In 2020, they raised $3,000 to help reestablish the farm’s depleted seed supply. For the past few years, Quéssua was a fundraising project for online vacation Bible school and they sent about $3,800 in April 2022, which helped start the tilapia farm.
Scott said East Angola’s goal to move beyond subsistence farming into self-sustaining farming struck a chord with his church.
“We’re about 300 members, about 175 in the pews on Sunday,” he said. “It’s not a big church, but there’s lots of big hearts.”
As new mission teams return with updates, previous team members can celebrate the positive changes taking place in East Angola.
“When I was there, Quéssua didn’t have regular electricity and many of the buildings were still bombed out from the war,” said Scott. “It’s changed so much since I was there.”
Mulroy, who visited Quéssua for the first time in July, said seeing the impact that the ministry has had for two decades now helps encourage more participation and shows how much even small congregations can contribute.
“No one church can do it all, but every church can do something,” she said. “Now that I’m back, I speak as often as I can, and we already have the start of a good team for next year.”
Katembo always tells recipients of the farm’s bounty that they are supported through the United Methodist connection.

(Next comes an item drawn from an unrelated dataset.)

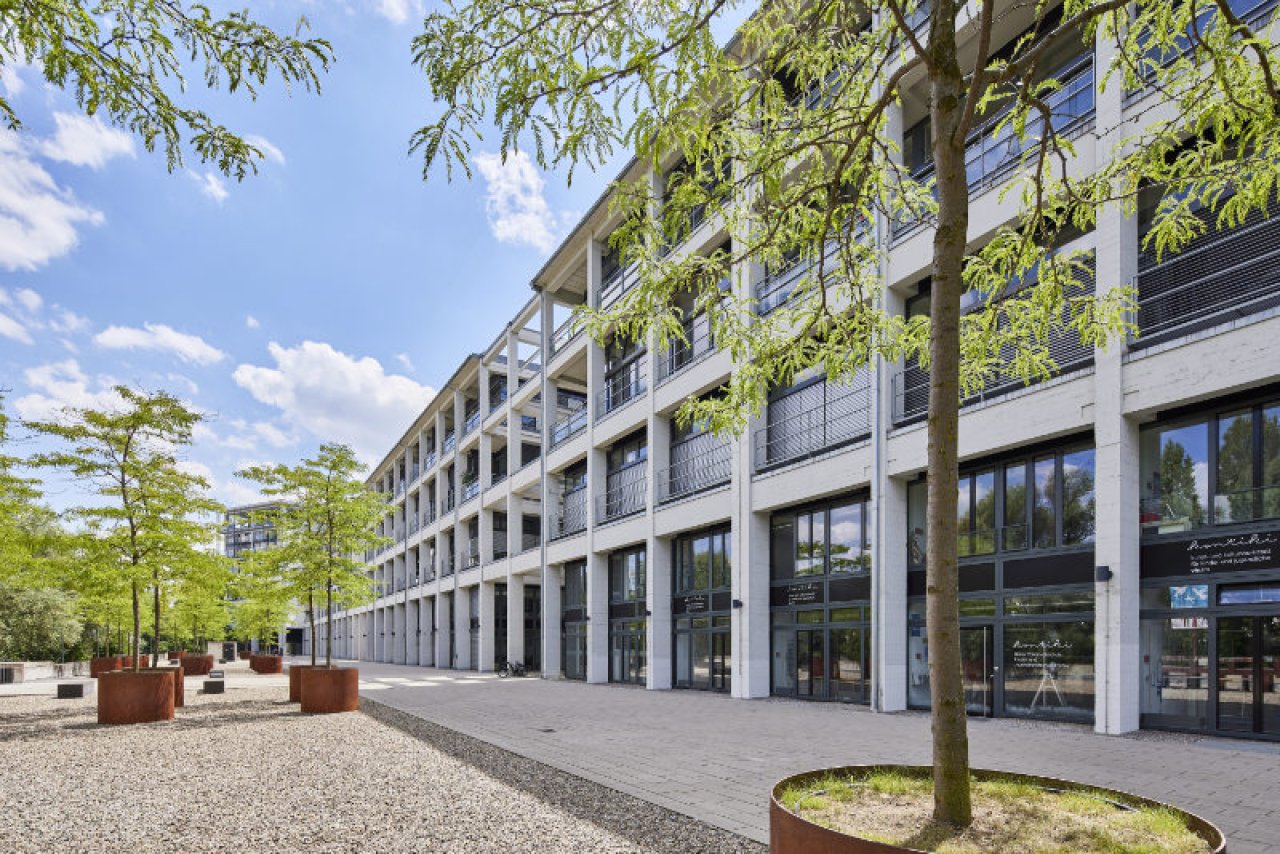 Das Stadtregal an der Blau, Arbeitsplatz am Fenster und Teambüro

“I show them that I’m not the one giving, but the conferences are behind me with support,” he said.
Perhaps no one has seen more change in Quéssua than King, who made her sixth trip there in July — her first since 2008.
“My first trip, it was a former war zone; there were still tanks,” she said. “It was good to see people in the villages with their hope restored. The memories of war are not there; young people got a chance to grow up in a more normal environment.

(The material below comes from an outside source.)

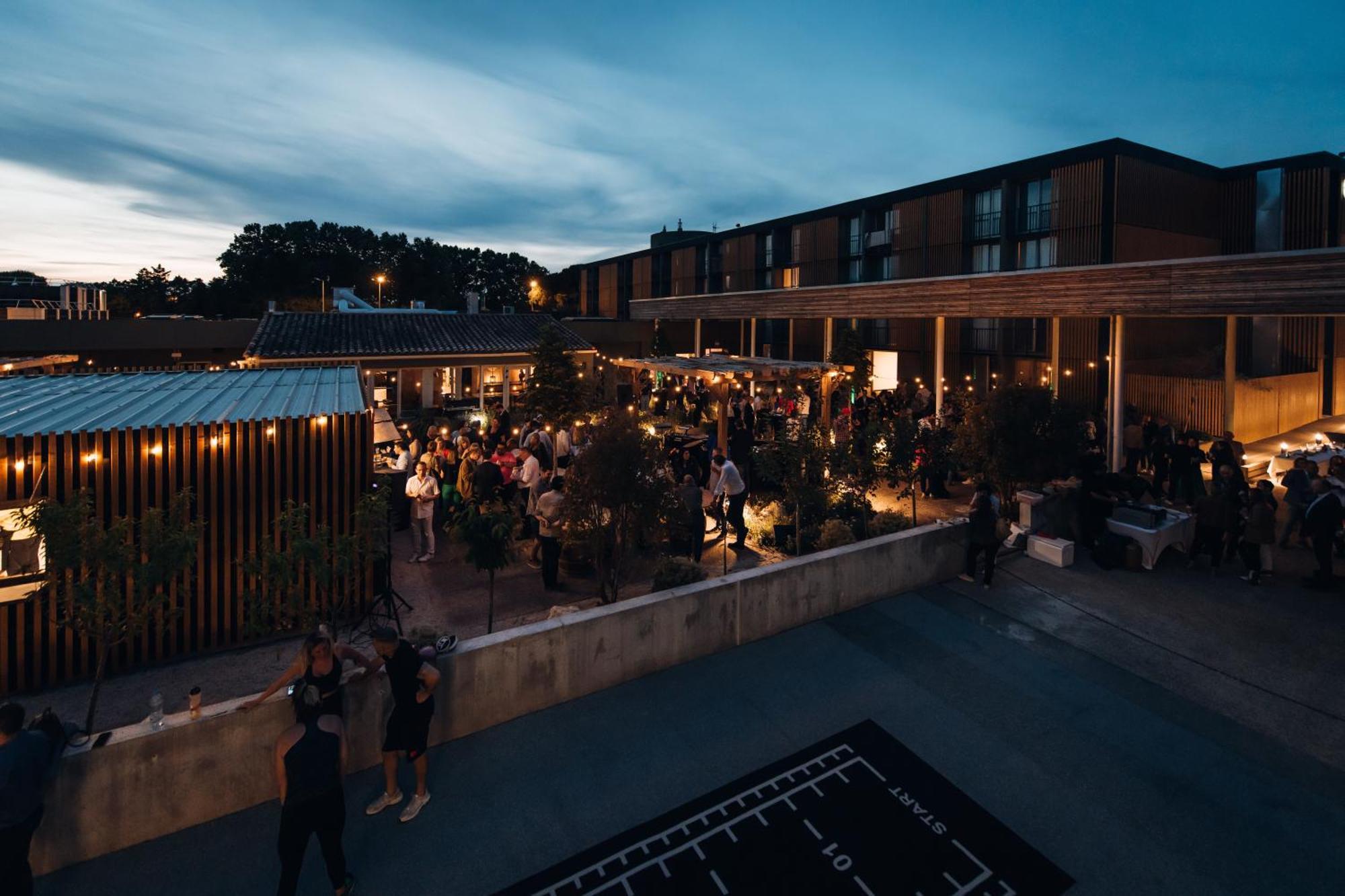 Cowool Avignon Aparthotel Exterior photo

“I grew up United Methodist and took it for granted until I went to Angola; then I knew what it meant to be a global church.”
Brown, who retired from the episcopacy in 2016 but is serving as the interim bishop for the Sierra Leone Area, last visited Angola in 2010. Reflecting on the 20th anniversary of a ministry he helped start, he said he is delighted.
“What the bishops and I had hoped for happened, to the benefit of all conferences involved. It made real the mission connection between us and our partners around this globe.”
With talk of schism and disaffiliations dominating church news the past several years, Stine holds this partnership up as a welcome positive story to tell.
“In the midst of such division in the denomination, it’s amazing to see mission dollars at work, to remind us why being United Methodist is so special,” he said. “We can do things better together.”